Part 12
Un duel au fusil qu'il eut avec un autre de mes amis, Jules Vallès, et une plaisanterie faite à l'auteur de ses jours lui avaient constitué une certaine célébrité parmi nous.
Le duel avait fini par quelques trous dans la peau des deux adversaires devenus grands amis depuis. La plaisanterie paternelle s'était terminée par un immense éclat de rire.
Un matin, M. d'Avyl père, président de cour dans l'Ouest, arrive chez son fils au quartier Latin.
Le fils dormait et eut un fâcheux réveil; son père arrivait justement le lendemain d'une orgie, les bouteilles vides encombraient la table et jonchaient le sol.
—Hum! fit le président, qu'est cela?
—Des bouteilles.
—Je vois bien; mais quel désordre!
—Je travaille tant, que je ne veux pas perdre mon temps à ranger tout cela.
—Mon enfant, il est bon sans doute de travailler, mais il ne faut pas se tuer.
En faisant cette sage recommandation, les pieds du magistrat rencontrèrent un objet sans nom.
Cet objet, c'était une paire de bottes, si odieuses, si crottées, si trouées, que Privat d'Anglemont lui-même en eût rougi.
Le magistrat repoussa avec dégoût ces atroces bottes; mais il sentit une résistance.
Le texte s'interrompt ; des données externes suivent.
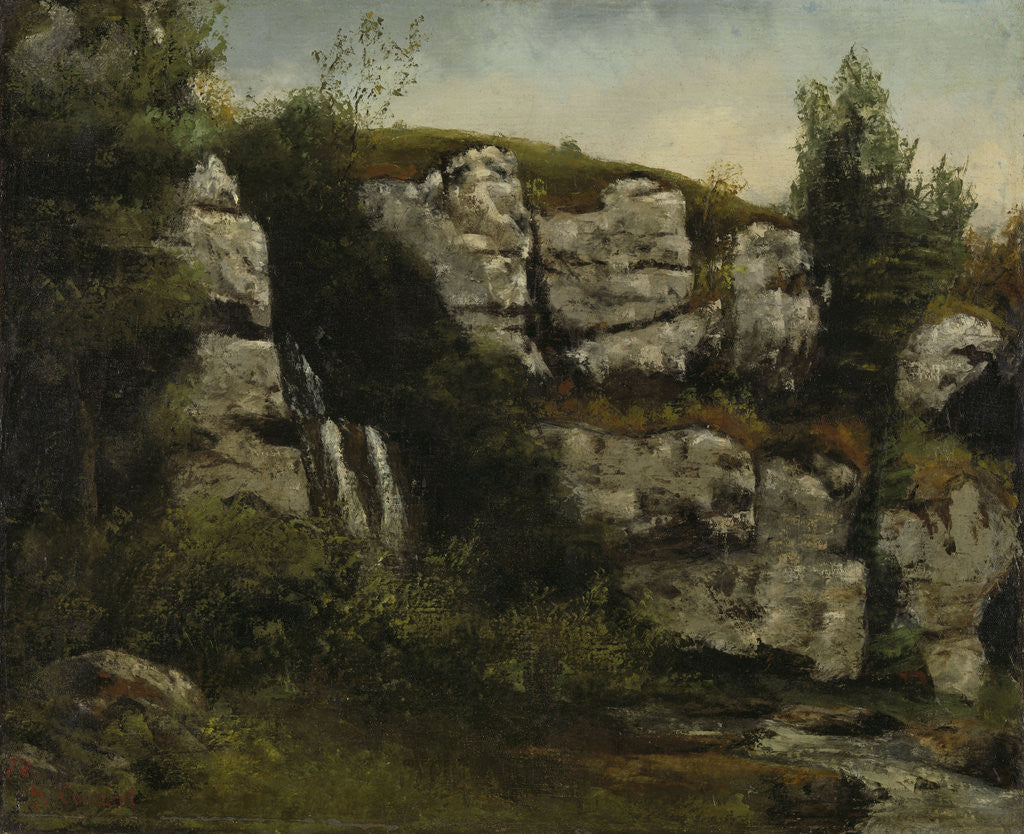 Detail of Landscape with Rocky Cliffs and a Waterfall by Gustave Courbet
—Qu'est-ce encore? fit-il.
—Des bottes.
—Je vois bien; mais il y a quelque chose dedans?
—Oui, papa: des pieds.
—A qui?
—Silence, mon père! N'éveillez pas le duc d'Olivarès que les malheurs de sa patrie empêchent de dormir depuis bien longtemps.
—Ça, un duc?
—Oui, c'est un duc.
—Impossible, fit le magistrat, en considérant l'horrible bohème déguenillé qui dormait les poings fermés.
—C'est tellement un duc, reprit le fils, que, pas plus tard qu'hier,—voici la lettre,—ses cousins, les Medina-Cœli, lui ont envoyé un demi-million de réaux, soit cent vingt-cinq mille francs, pour mettre de l'ordre dans ses petites affaires; mais le duc les a malheureusement refusés, ne voulant rien accepter d'une famille rivale qui a abandonné la cause du roi.
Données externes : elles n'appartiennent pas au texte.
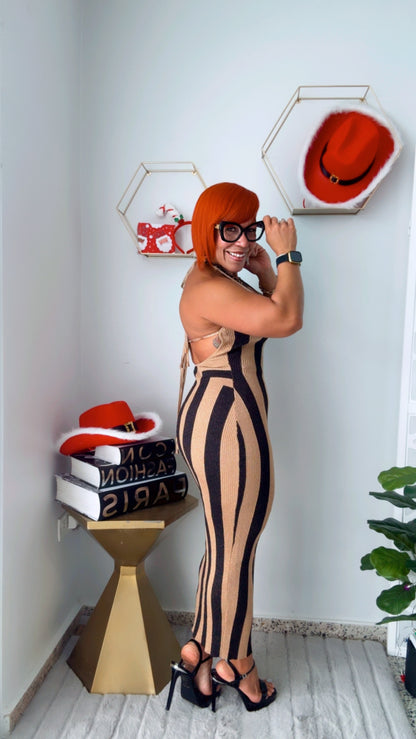 Black & Gold Striped Midi Dress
—Brave garçon, fit le vieux Breton, essuyant ses yeux. Grands cœurs, ces Olivarès!
Louis d'Avyl, appréhendant le réveil du duc, s'empressa de s'habiller, et, prétextant ne pouvoir manquer le cours, il s'éclipsa, laissant son père avec le dormeur.
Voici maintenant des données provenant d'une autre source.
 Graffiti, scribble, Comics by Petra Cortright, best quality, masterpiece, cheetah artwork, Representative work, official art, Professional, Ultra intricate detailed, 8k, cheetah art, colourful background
Que se passa-t-il entre le duc et le président? Nul ne le sut jamais. Ce qui est certain, c'est que, vers les onze heures, le duc, splendidement vêtu de la tête aux pieds, sortait de la Belle-Jardinière, et allait déjeuner en compagnie du magistrat, son hôte, dans un restaurant du Palais-Royal.—On remarqua qu'il demanda dix-sept fois du pain.
Tromper un père, cultivateur à Beuvron, un marchand de cuirs à Privas, un propriétaire à Landernau, cela n'a rien de bien extraordinaire; mais mettre dedans un magistrat qui a été juge d'instruction, on avouera que ce n'est pas chose facile; le quartier Latin poussa un éclat de rire qui fit trembler Paris.
Les petits journaux du temps racontèrent l'histoire, et le président, pas content du tout, lança l'anathème sur son fils.
Quelques amis conseillèrent à Louis d'Avyl de se mettre dans l'industrie, de devenir un homme sérieux, afin d'apaiser la colère paternelle. Il eut la faiblesse de suivre ce conseil.
La colère paternelle s'apaisa, l'industrie ne s'apaisa pas. Elle ne voulut jamais sourire à ce brave rêveur qui, n'ayant pu devenir ni homme de lettres, ni avocat, la prenait comme pis aller.
Après dix ans d'une lutte acharnée, d'Avyl jeta le grand-livre aux orties et s'en alla, dans la forêt de Fontainebleau, s'enfermer dans une petite maison ombragée de vignes et de lierre, en attendant la Muse.
La Muse vint. Peut-être le petit enfant du poète Charles Bataille, que d'Avyl avait recueilli à la mort de son père, ne fut-il pas étranger à cette visite.
Ah! comme elle fut choyée, la chère Muse insouciante! si choyée, qu'elle s'établit dans l'endroit.
En trois ans, Louis d'Avyl écrivit quatre pièces: _Madame de Régis_, qu'on jouera demain à la Renaissance, _les Rebelles_, empêchés par la catastrophe du Châtelet; _Madeleine_, un grand drame, et enfin _le Dernier Gascon_.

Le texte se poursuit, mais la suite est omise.